Más que un país, Francia es una institución. Sólida por demás. De otro modo no se explica cómo ha podido resistir sin perder la serenidad la guerra declarada por los terroristas. Solo una nación que respeta su estructura institucional y no reniega de su lema histórico (libertad, igualdad y fraternidad) es capaz de reaccionar de manera unitaria y civilizada.

La serie comenzó con la masacre de doce personas en la sede del semanario Charlie Hebdo en Paris el 7 de enero. Dos días más tarde se produjo una doble crisis con rehenes, incluyendo un supermercado de comida judía (kosher). En total, fueron 17 víctimas fatales, paradojalmente varias provenientes de países musulmanes.

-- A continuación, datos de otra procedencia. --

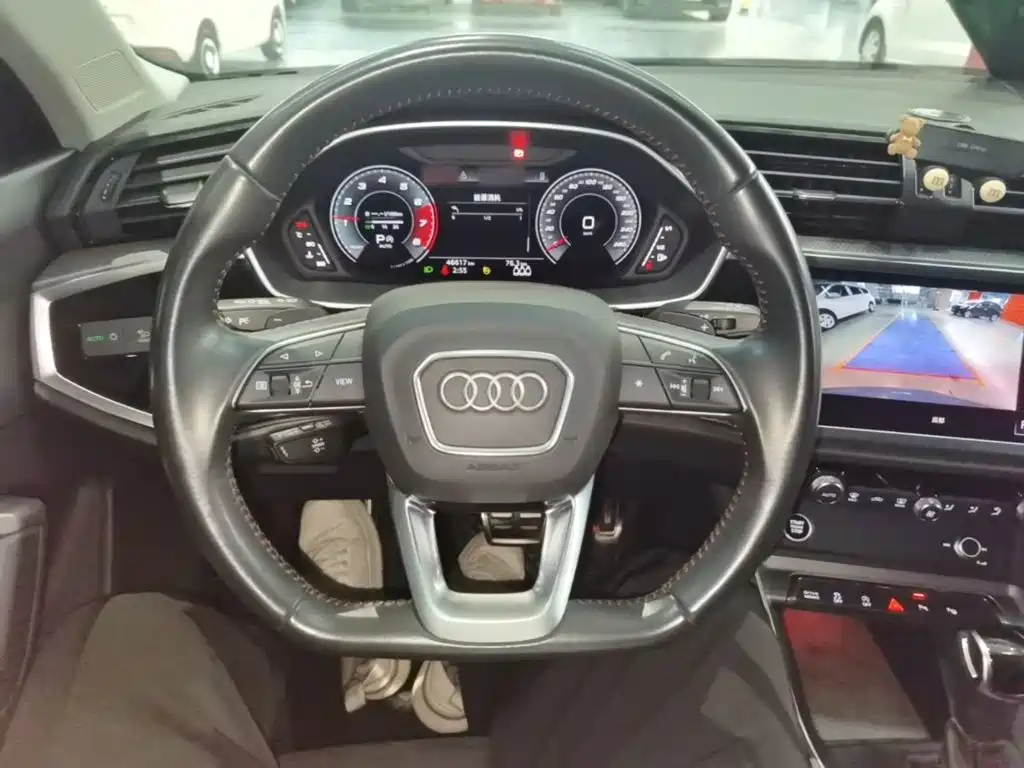 Audi Q3 — фото 10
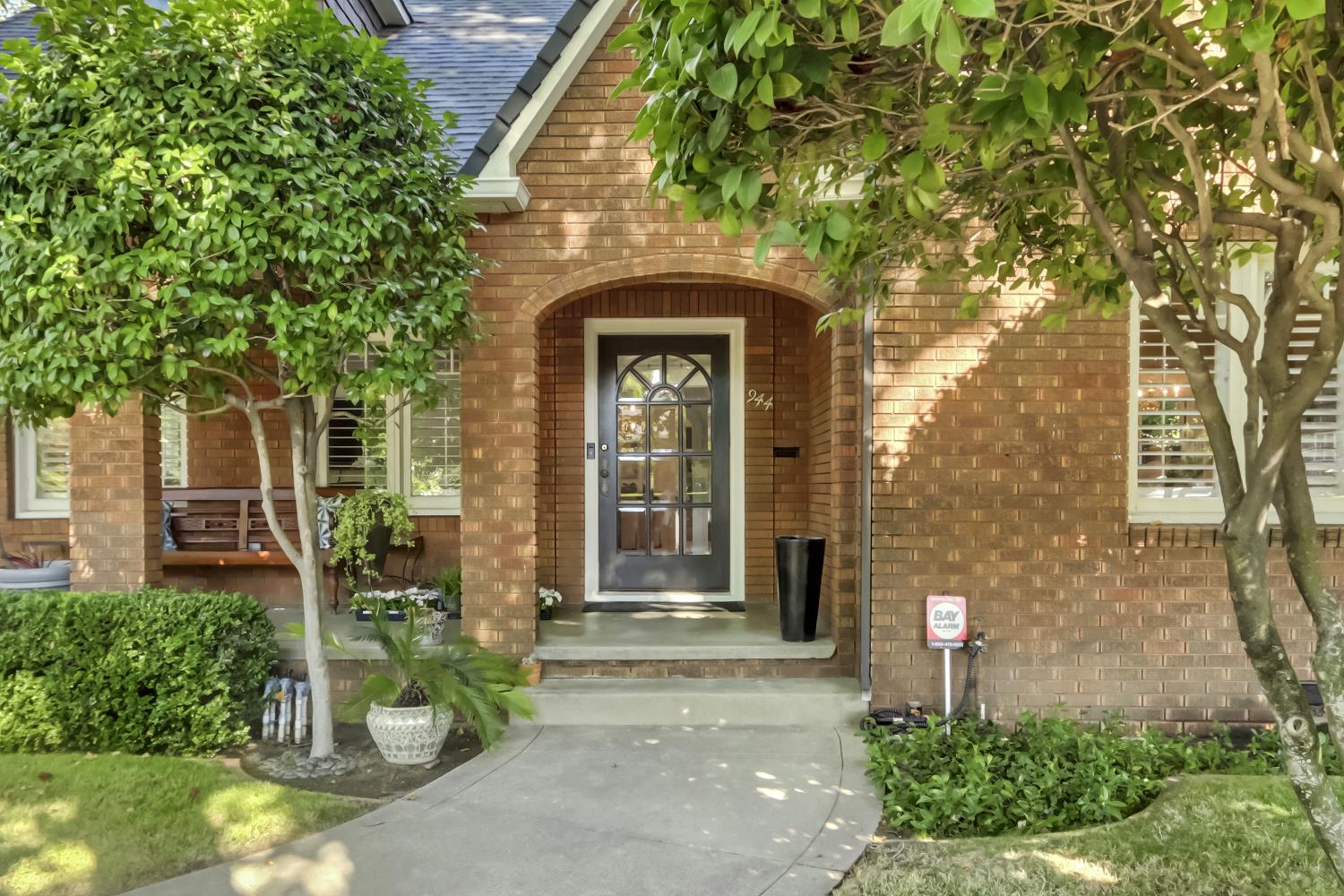 944 45th Street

Cuando se equipara esta situación con lo que ocurrió en Estados Unidos el 11 de septiembre de 2001, se sostiene que el número de víctimas no es comparable. Debe entenderse, sin embargo, que la gravedad de lo ocurrido en Francia se mide por la elección del blanco (la redacción de un semanario satírico) y las razones esgrimidas por los agresores (vengar a Mahoma). Es decir, una desmedida reacción contra la libertad de expresión

El ataque a las torres gemelas de Nueva York justificó la represalia contra Irak y Afganistán, uno de los mayores despliegues bélicos de la historia moderna. Ante el atentado contra Charlie-Hebdo, el gobierno francés reaccionó de manera más racional, reforzando las medidas de seguridad. Sobre todo, se apoyó en la presencia solidaria de una cincuentena de líderes mundiales. También planteó una gran distinción con la reacción del Presidente Bush en 2001: el primer ministro Manuel Valls precisó que su gobierno actuará en todo momento con el máximo respeto al “derecho, a los valores y a las libertades democráticas”. Insistió al mismo tiempo, en que se necesitan medidas excepcionales para afrontar “una situación excepcional”. Las medidas incluyen un mayor control sobre Internet (los británicos están decididos a ser igualmente drásticos en estas materias).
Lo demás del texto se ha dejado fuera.